Subject: definitions -- *DI window management
From: Paul Rohr (paul@abisource.com)
Date: Sun Aug 19 2001 - 14:04:26 CDT
Perhaps it would clarify some of the recent confusion on the list to make 
sure everyone's using the following terms correctly.  
Single Document Interface (SDI)
-------------------------------
This is the "oldest" or "most primitive" application GUI, found on the very 
early Mac, and persisting to this day for really lightweight apps.  
You can only work on one document at a time in the application.  Sometimes 
apps let you "recycle" the application for a new document by getting rid of 
the existing one.  
Closing the window closes both the document and the application. 
Macintosh (Mac UI)
------------------
The Mac UI clearly separates the "application" (menubar) from the "document" 
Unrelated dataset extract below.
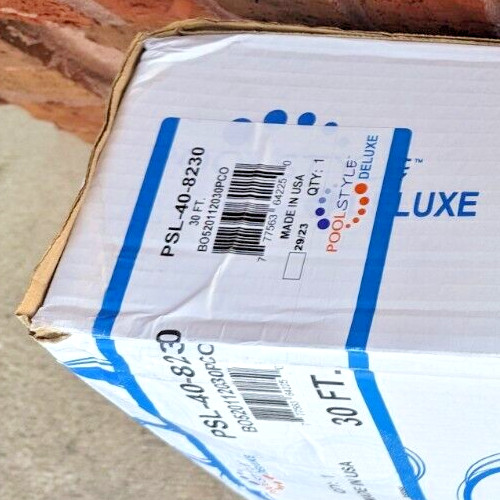 Open Box Pool Style Deluxe PSL-40-8230 1-1/2&Prime; x 30&prime; Vacuum Hose With Vacuum Head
(standalone window).  Even when working with more than one document, there's 
still only a single shared menubar.  The Window menu got introduced as an 
easy way to keep track of all the open documents.  
Closing each window closes the associated document, but because all those 
windows were detached from the application's menubar, there's no one-click 
GUI affordance to close the application, too.  (You have to pull down the 
Quit menu, or remember that keystroke.)
The Mac's been around long enough that plenty of people are used to this 
behavior, but new users have to *learn* that there's an application still 
hanging around, and how to get rid of it. 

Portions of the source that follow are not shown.